Cultural and racial stereotyping that may limit employment prospects and opportunities for choice

NHS and nursing itself has been identified as racist - .(RCN 1999) in the division of labour by race and gender

Different ways in which ethnic groups access and use services

Exclusion by language

Different working patterns, such as Chinese working in catering industry, makes conventional GP surgeries difficult to use, so Chinese health centres established.

Black patients are twice as likely to be detained under the mental health act than whites,(why? When Black doctors are more likely to see Black patients) and to then experience higher levels of drug therapies

Artefact explanation

This suggests that social class is more important than ethnicity in explaining inequalities, since the ethnic minority is likely to be poorer. However this has a problem because it tends to aggregate a number of other variables such as gender - patterns are produced because of the way the researcher gathered the data!
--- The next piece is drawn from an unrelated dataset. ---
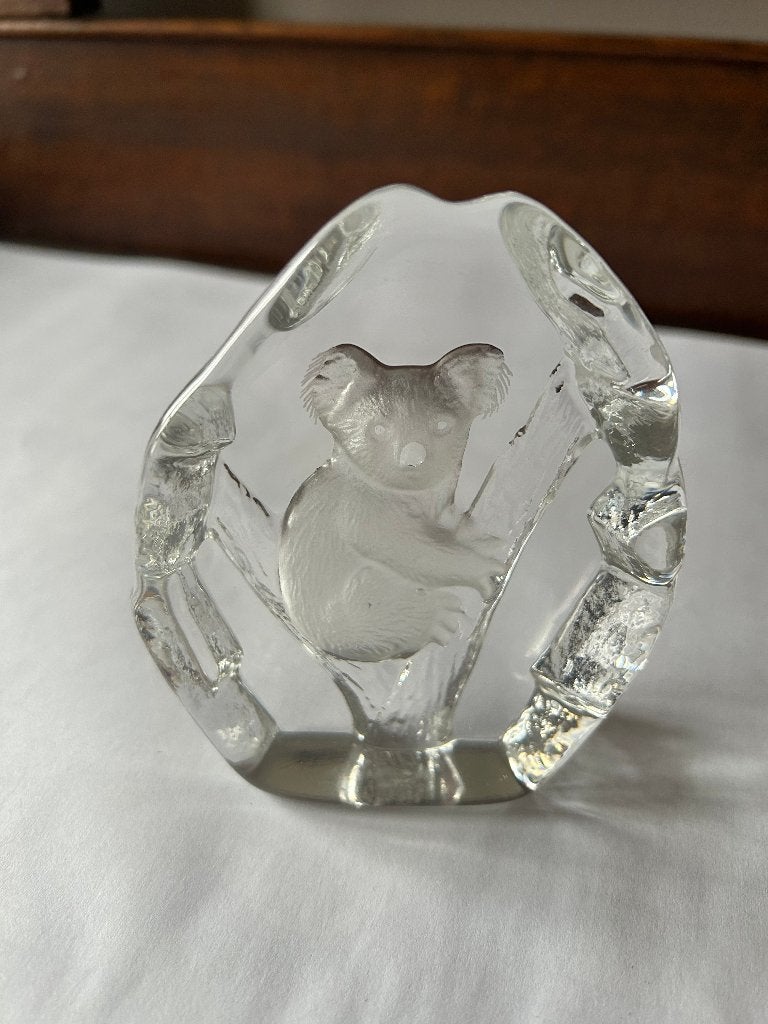Statue en cristal de koala, Collections, Enlèvement ou Envoi, Comme neuf, Cristal, Statue(s)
Perhaps there is more than one explanation! - SEE Senior & Viveash p178ff concerning differences perinatal mortality rates between Pakistani and Bangladeshi populations in UK.

CONCLUSION

Ethnicity is a key element in the relationship between health and the individual

Cultural factors are significant but must also include reference to the wider social context where there may be conflicting interests and values

Ethnicity must be considered in relation to other structural factors such as housing, poverty and inequalities

How may racism affect access and quality of health care?